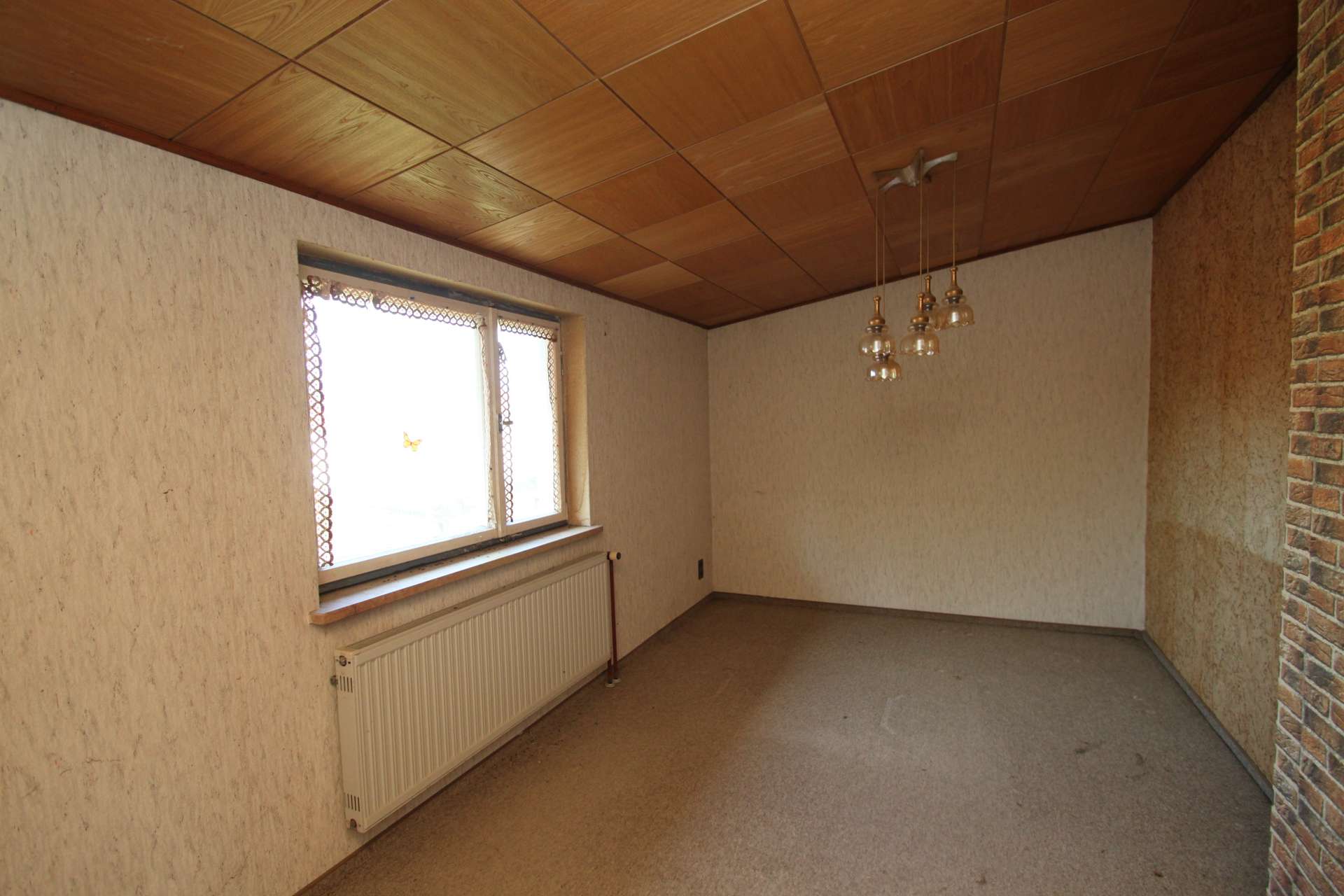 Abriss oder Sanierung? EFH auf 920 m² Grund in Moos! in Moos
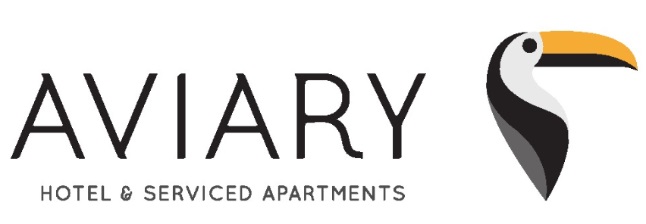 AVIARY Hotel and Serviced Apartments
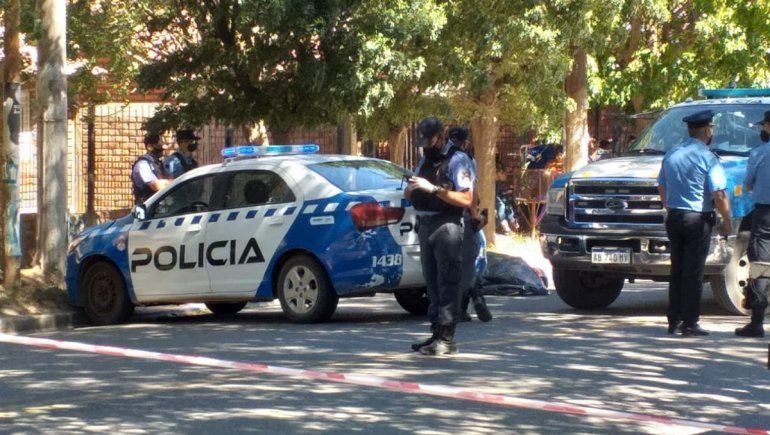 Accidente en el Metrobús: formularon cargos a la conductora que atropelló y mató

▸ **Required work**
Set down all of the material word for word, minus its pictures.

▸ **Response below**
 Abriss oder Sanierung? EFH auf 920 m² Grund in Moos! in Moos
 AVIARY Hotel and Serviced Apartments
 Accidente en el Metrobús: formularon cargos a la conductora que atropelló y mató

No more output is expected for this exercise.